**Records from a data collection:**
------------------------

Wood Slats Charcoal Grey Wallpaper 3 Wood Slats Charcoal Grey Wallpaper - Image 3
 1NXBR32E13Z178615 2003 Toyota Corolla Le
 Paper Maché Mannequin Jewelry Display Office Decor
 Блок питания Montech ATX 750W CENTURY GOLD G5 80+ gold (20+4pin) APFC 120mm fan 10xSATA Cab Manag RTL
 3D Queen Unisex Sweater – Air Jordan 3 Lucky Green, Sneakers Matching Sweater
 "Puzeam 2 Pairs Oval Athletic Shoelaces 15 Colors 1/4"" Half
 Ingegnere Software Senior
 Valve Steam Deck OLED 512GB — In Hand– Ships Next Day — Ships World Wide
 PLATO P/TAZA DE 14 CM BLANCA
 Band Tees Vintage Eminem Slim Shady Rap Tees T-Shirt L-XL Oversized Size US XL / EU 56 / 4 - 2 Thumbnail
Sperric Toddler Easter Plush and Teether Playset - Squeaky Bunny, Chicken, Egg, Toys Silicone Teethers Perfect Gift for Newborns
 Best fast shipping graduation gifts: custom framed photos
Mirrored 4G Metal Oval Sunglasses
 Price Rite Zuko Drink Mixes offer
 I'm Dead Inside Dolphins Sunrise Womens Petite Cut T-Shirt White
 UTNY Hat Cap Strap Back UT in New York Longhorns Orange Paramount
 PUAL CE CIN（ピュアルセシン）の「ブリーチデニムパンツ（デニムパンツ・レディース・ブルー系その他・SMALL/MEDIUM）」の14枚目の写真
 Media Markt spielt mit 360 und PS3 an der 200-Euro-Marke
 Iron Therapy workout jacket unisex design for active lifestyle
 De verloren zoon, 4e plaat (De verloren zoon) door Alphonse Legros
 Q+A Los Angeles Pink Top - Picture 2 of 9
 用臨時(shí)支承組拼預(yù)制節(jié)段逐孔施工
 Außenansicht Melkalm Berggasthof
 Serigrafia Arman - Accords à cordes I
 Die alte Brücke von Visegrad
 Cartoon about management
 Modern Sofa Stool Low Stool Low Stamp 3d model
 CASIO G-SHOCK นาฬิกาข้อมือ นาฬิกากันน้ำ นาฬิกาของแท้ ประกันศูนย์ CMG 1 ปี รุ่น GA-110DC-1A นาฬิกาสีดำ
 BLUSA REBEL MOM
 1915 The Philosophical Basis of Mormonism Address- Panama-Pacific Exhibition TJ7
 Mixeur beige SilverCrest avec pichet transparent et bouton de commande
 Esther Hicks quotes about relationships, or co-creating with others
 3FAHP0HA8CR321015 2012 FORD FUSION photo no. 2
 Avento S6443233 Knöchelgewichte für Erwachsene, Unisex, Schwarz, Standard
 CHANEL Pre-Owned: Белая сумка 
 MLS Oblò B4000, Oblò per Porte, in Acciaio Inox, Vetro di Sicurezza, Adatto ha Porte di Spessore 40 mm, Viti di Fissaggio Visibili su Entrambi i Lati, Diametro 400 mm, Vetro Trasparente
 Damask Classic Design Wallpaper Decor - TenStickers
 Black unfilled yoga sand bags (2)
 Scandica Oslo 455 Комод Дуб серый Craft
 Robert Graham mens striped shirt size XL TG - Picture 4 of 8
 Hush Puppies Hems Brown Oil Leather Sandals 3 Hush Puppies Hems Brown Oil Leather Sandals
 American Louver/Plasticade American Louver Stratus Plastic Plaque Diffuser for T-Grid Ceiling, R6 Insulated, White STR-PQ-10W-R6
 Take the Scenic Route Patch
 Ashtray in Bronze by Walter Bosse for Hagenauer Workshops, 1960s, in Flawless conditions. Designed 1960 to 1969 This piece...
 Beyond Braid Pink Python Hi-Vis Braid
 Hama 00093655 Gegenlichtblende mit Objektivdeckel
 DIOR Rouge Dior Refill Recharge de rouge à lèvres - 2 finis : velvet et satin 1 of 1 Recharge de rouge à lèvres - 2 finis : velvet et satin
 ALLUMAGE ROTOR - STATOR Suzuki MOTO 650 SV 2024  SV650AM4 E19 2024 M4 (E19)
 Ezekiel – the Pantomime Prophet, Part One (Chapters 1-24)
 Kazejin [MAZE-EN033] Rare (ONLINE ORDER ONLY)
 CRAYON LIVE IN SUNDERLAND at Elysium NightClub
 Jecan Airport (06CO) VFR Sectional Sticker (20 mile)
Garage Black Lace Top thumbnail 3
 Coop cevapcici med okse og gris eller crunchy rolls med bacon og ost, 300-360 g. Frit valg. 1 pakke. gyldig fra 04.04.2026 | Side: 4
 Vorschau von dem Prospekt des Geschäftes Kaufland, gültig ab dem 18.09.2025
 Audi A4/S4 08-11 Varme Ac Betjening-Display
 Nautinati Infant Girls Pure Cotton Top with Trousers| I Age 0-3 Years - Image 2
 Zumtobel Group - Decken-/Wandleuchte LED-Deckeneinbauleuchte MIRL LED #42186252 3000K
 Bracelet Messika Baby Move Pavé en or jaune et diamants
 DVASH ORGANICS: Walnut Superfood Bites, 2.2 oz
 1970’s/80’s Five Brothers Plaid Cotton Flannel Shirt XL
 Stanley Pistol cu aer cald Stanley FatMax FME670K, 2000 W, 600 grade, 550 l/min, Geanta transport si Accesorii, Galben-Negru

------------------------

**Exercise brief:** Look above for the line holding "Damask Classic Design", then set down exactly that line and every line after it up to and including the line holding "1970’s/80’s Five Brothers", with nothing else.

**Reply to the exercise:**
 Damask Classic Design Wallpaper Decor - TenStickers
 Black unfilled yoga sand bags (2)
 Scandica Oslo 455 Комод Дуб серый Craft
 Robert Graham mens striped shirt size XL TG - Picture 4 of 8
 Hush Puppies Hems Brown Oil Leather Sandals 3 Hush Puppies Hems Brown Oil Leather Sandals
 American Louver/Plasticade American Louver Stratus Plastic Plaque Diffuser for T-Grid Ceiling, R6 Insulated, White STR-PQ-10W-R6
 Take the Scenic Route Patch
 Ashtray in Bronze by Walter Bosse for Hagenauer Workshops, 1960s, in Flawless conditions. Designed 1960 to 1969 This piece...
 Beyond Braid Pink Python Hi-Vis Braid
 Hama 00093655 Gegenlichtblende mit Objektivdeckel
 DIOR Rouge Dior Refill Recharge de rouge à lèvres - 2 finis : velvet et satin 1 of 1 Recharge de rouge à lèvres - 2 finis : velvet et satin
 ALLUMAGE ROTOR - STATOR Suzuki MOTO 650 SV 2024  SV650AM4 E19 2024 M4 (E19)
 Ezekiel – the Pantomime Prophet, Part One (Chapters 1-24)
 Kazejin [MAZE-EN033] Rare (ONLINE ORDER ONLY)
 CRAYON LIVE IN SUNDERLAND at Elysium NightClub
 Jecan Airport (06CO) VFR Sectional Sticker (20 mile)
Garage Black Lace Top thumbnail 3
 Coop cevapcici med okse og gris eller crunchy rolls med bacon og ost, 300-360 g. Frit valg. 1 pakke. gyldig fra 04.04.2026 | Side: 4
 Vorschau von dem Prospekt des Geschäftes Kaufland, gültig ab dem 18.09.2025
 Audi A4/S4 08-11 Varme Ac Betjening-Display
 Nautinati Infant Girls Pure Cotton Top with Trousers| I Age 0-3 Years - Image 2
 Zumtobel Group - Decken-/Wandleuchte LED-Deckeneinbauleuchte MIRL LED #42186252 3000K
 Bracelet Messika Baby Move Pavé en or jaune et diamants
 DVASH ORGANICS: Walnut Superfood Bites, 2.2 oz
 1970’s/80’s Five Brothers Plaid Cotton Flannel Shirt XL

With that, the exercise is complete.